* **The problem**
Using the data below, print exactly the line with "Similarly with this", the line with "If you're looking", and every line between them, but none of the pictures.
(Input material begins)
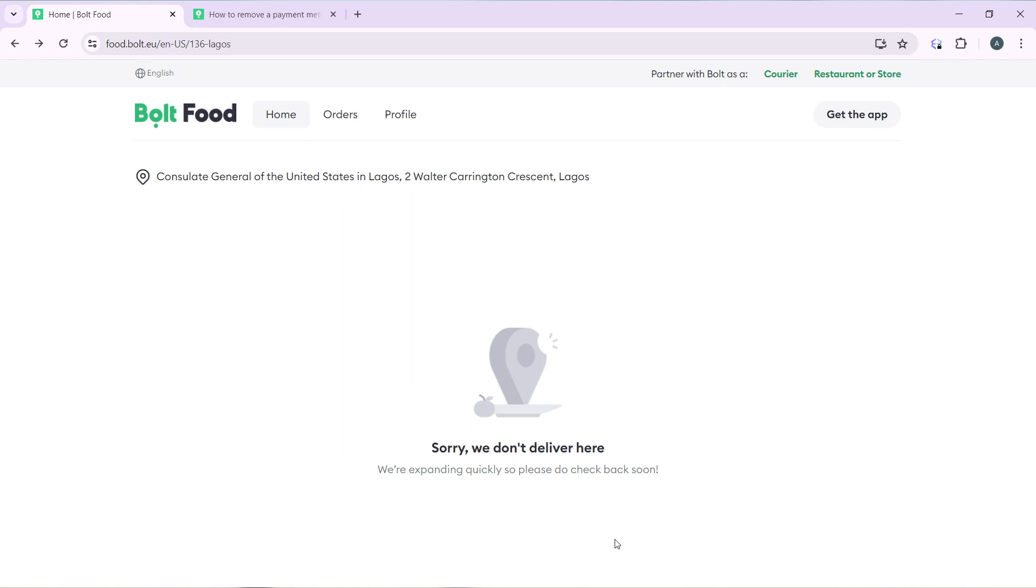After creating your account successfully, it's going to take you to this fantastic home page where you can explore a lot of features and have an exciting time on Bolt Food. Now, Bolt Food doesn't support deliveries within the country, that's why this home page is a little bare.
(Input material ends)
(Input material begins)
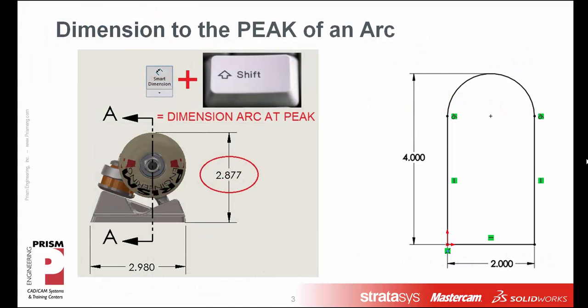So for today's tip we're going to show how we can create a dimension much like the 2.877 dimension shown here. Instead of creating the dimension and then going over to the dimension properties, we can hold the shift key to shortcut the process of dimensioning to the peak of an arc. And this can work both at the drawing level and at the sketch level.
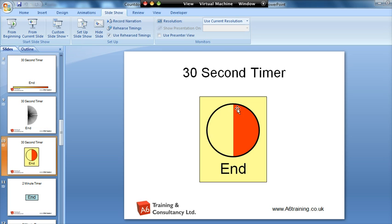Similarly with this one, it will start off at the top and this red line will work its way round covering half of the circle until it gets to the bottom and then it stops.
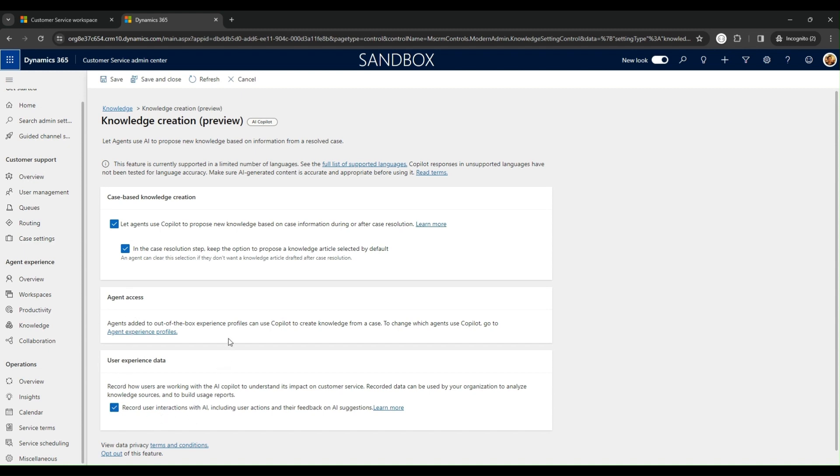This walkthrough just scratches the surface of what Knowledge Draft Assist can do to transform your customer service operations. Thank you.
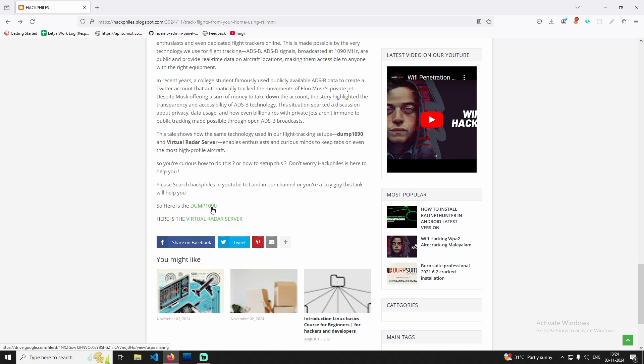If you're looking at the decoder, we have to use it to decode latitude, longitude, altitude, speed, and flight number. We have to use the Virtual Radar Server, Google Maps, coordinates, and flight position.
(Input material ends)
(Input material begins)
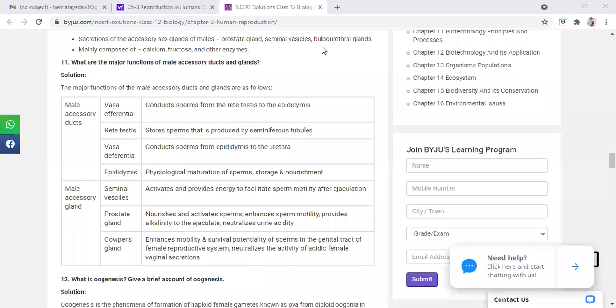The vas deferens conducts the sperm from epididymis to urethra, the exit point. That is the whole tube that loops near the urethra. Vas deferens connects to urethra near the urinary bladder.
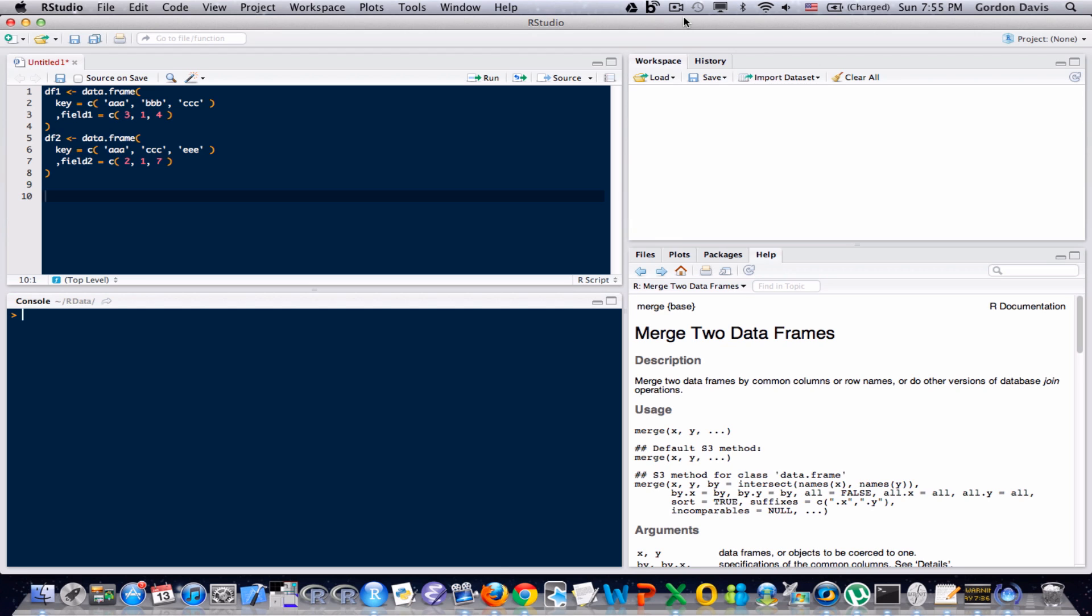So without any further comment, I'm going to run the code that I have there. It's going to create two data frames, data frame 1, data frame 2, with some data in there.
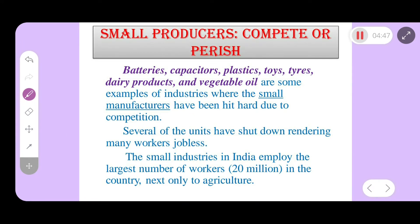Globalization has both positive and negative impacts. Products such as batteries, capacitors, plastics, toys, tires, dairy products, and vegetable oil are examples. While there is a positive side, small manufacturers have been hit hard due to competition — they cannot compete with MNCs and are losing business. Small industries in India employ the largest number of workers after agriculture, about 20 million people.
(Input material ends)
* **Problem solution**
Similarly with this one, it will start off at the top and this red line will work its way round covering half of the circle until it gets to the bottom and then it stops.
This walkthrough just scratches the surface of what Knowledge Draft Assist can do to transform your customer service operations. Thank you.
If you're looking at the decoder, we have to use it to decode latitude, longitude, altitude, speed, and flight number. We have to use the Virtual Radar Server, Google Maps, coordinates, and flight position.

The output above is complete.